For our Python example, we are going to use the same dataset already created for the Sanger's network (which is expected to be available in the variable Xs). Therefore, we can start setting up all the constants and variables:

import numpy as np

n_components = 2
learning_rate = 0.0001
max_iterations = 1000
stabilization_cycles = 5
threshold = 0.00001

W = np.random.normal(0.0, 0.5, size=(Xs.shape[1], n_components))
V = np.tril(np.random.normal(0.0, 0.01, size=(n_components, n_components)))
np.fill_diagonal(V, 0.0)

prev_W = np.zeros((Xs.shape[1], n_components))
t = 0

At this point, it's possible to implement the training loop:

while(np.linalg.norm(W - prev_W, ord='fro') > threshold and t < max_iterations):
    prev_W = W.copy()
    t += 1
    
    for i in range(Xs.shape[0]):
        y_p = np.zeros((n_components, 1))
        xi = np.expand_dims(Xs[i], 1)
        y = None

        for _ in range(stabilization_cycles):
            y = np.dot(W.T, xi) + np.dot(V, y_p)
            y_p = y.copy()
            
        dW = np.zeros((Xs.shape[1], n_components))
        dV = np.zeros((n_components, n_components))
        
        for t in range(n_components):
            y2 = np.power(y[t], 2)
            dW[:, t] = np.squeeze((y[t] * xi) + (y2 * np.expand_dims(W[:, t], 1)))
            dV[t, :] = -np.squeeze((y[t] * y) + (y2 * np.expand_dims(V[t, :], 1)))

        W += (learning_rate * dW)
        V += (learning_rate * dV)
        
        V = np.tril(V)
        np.fill_diagonal(V, 0.0)
        
        W /= np.linalg.norm(W, axis=0).reshape((1, n_components))

The final W and the output covariance matrix are as follows:

print(W)
[[-0.65992841  0.75897537]
 [-0.75132849 -0.65111933]]

Y_comp = np.zeros((Xs.shape[0], n_components))

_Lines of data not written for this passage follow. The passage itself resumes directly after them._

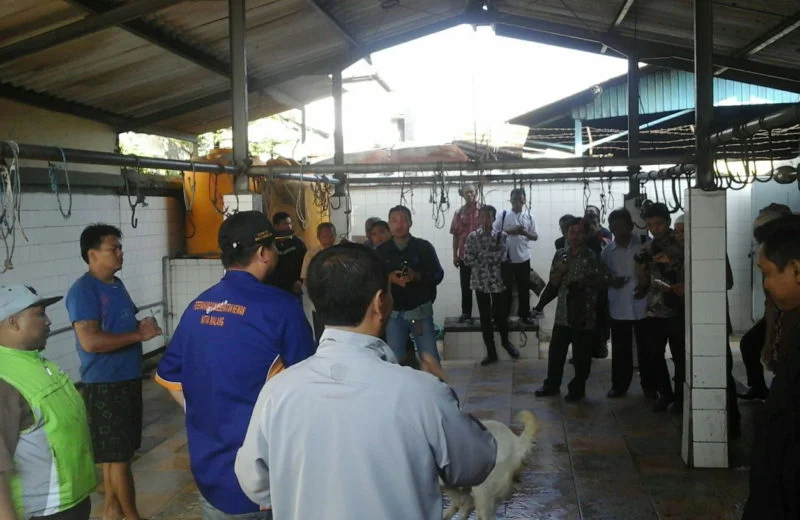 Inilah Tata Cara Penyembelihan Hewan Kurban yang Syar’i dan Sehat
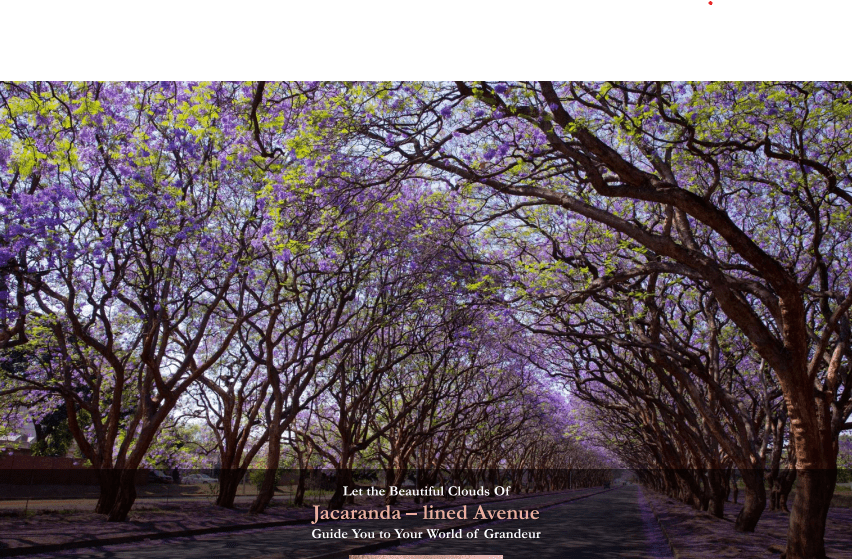 The Legacy by Silverglades Jacaranda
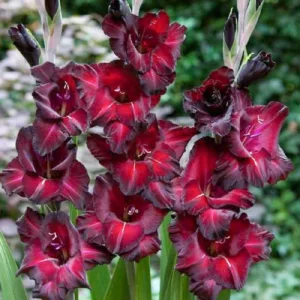 Sword Lily Black Star, Gladiola Black Star, Gladioli Black Star, glaieul Black Star, Black Glad, Black Sword Lily, Bicolor Glad, Bicolor Sword Lily,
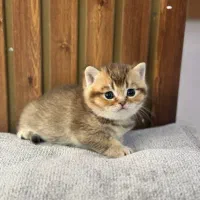 گربه کوچولوهای بریتیش اصیل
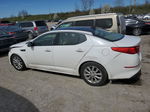 2015 Kia Optima Ex Белый vin: 5XXGN4A77FG472660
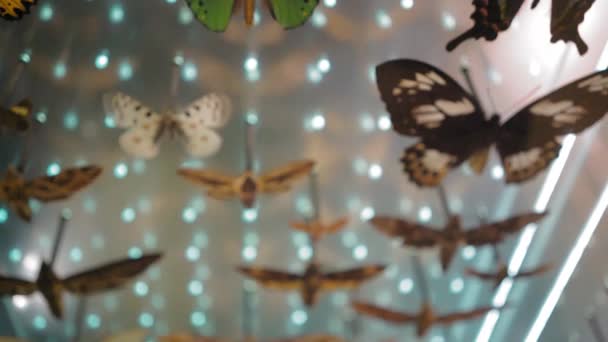 大規模な蝶コレクション ガラス上の多くの異なるカラフルな蝶のクローズアップビュー — ストック動画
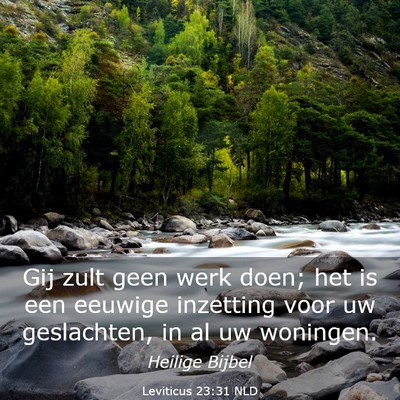 Picture 03 - Leviticus 23:31 NLD - Gij zult geen werk doen; het is een eeuwige - Bible Verse Picture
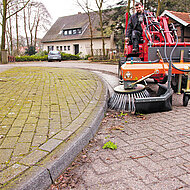 Wildkraut ohne Chemie effektiv beseitigen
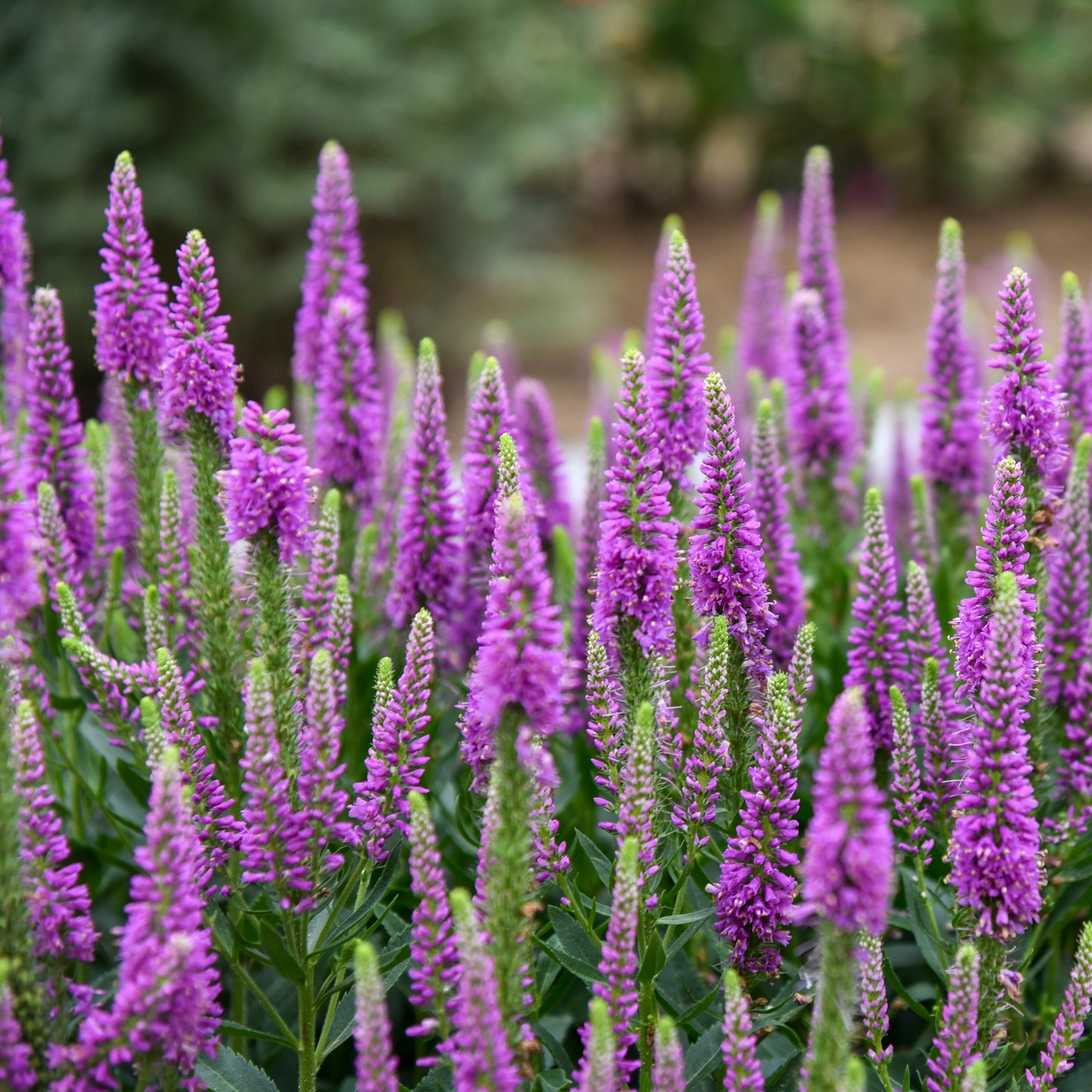 Speedwell, Spiked 'Da Vinci Delight' (Veronica)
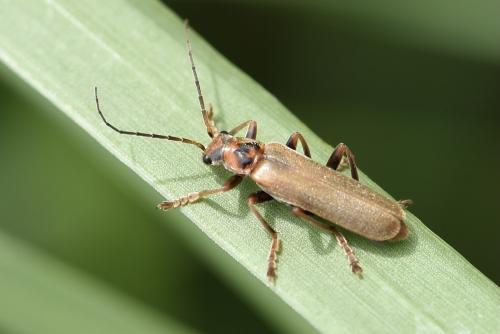 Réf. 324 969 : Cantharis figurata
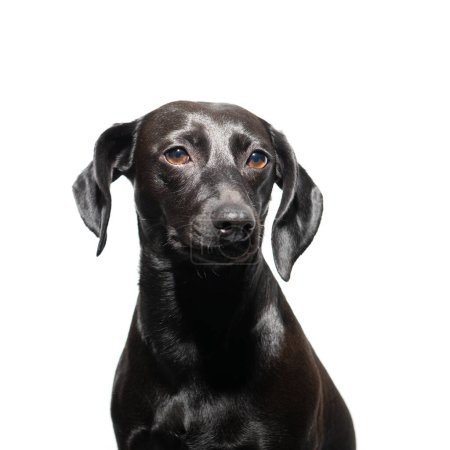 Photo for Small black dog posing over white background. Adorable pet's indoor portrait - Royalty Free Image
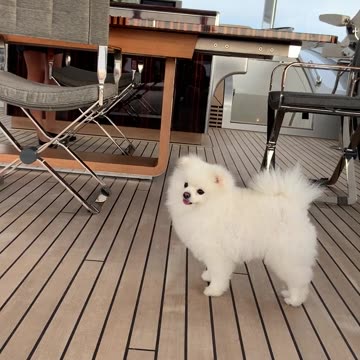 abNQyyitXKmJWToeqgJtwh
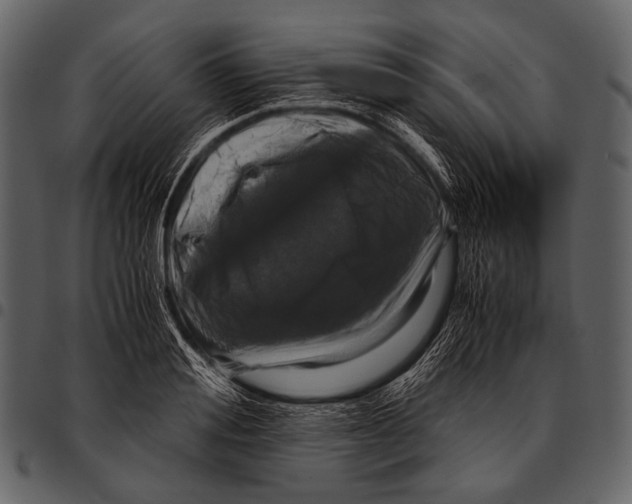 X0000097500988200803201548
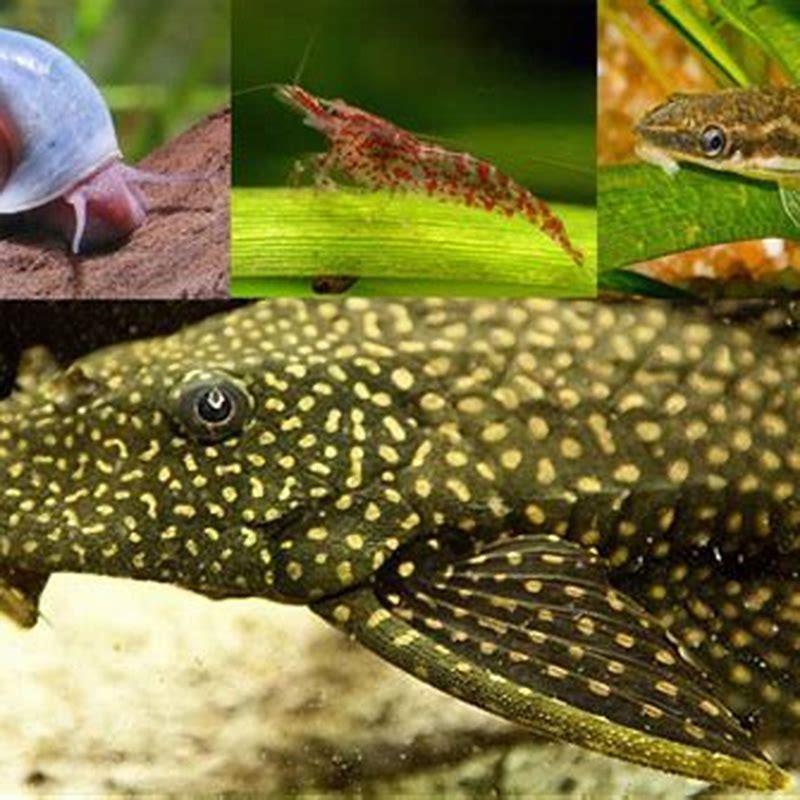 Will algae eaters eat small fish?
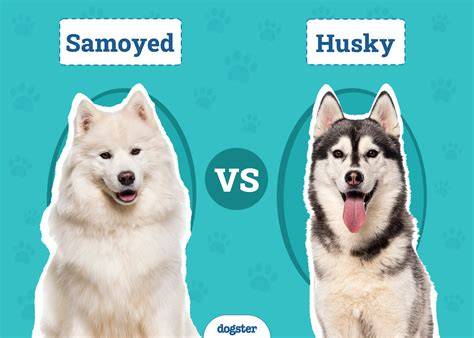Porovnávacia tabuľka: Sibírsky husky vs. Samojed
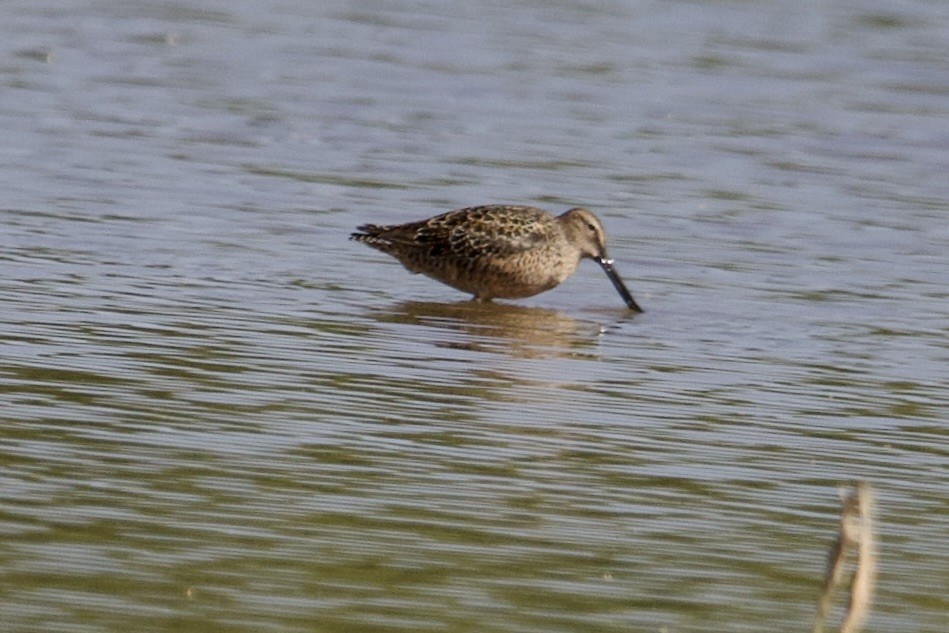 Long-billed Dowitcher - ML619612297
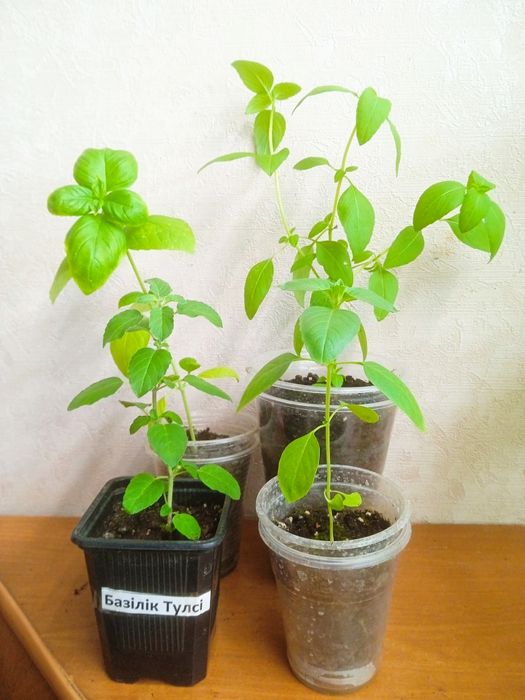 Базілік різних сортів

for i in range(Xs.shape[0]):
        y_p = np.zeros((n_components, 1))
        xi = np.expand_dims(Xs[i], 1)

        for _ in range(stabilization_cycles):
            Y_comp[i] = np.squeeze(np.dot(W.T, xi) + np.dot(V.T, y_p))
            y_p = y.copy()

print(np.cov(Y_comp.T))
[[ 48.9901765   -0.34109965]
 [ -0.34109965  24.51072811]]

As expected, the algorithm has successfully converged to the eigenvectors (in descending order) and the output covariance matrix is almost completely decorrelated (the sign of the non-diagonal elements can be either positive or negative). Rubner-Tavan's networks are generally faster than Sanger's network, thanks to the feedback signal created by the anti-Hebbian rule; however, it's important to choose the right value for the learning rate. A possible strategy is to implement a temporal decay (as done in Sanger's network) starting with a value not greater than 0.0001. However, it's important to reduce η when n increases (for example, η = 0.0001 / n), because the normalization strength of Oja's rule on the lateral connections v_jk is often not enough to avoid over and underflows when n >> 1. I don't suggest any extra normalization on V (which must be carefully analyzed considering that V is singular) because it can slow down the process and reduce the final accuracy.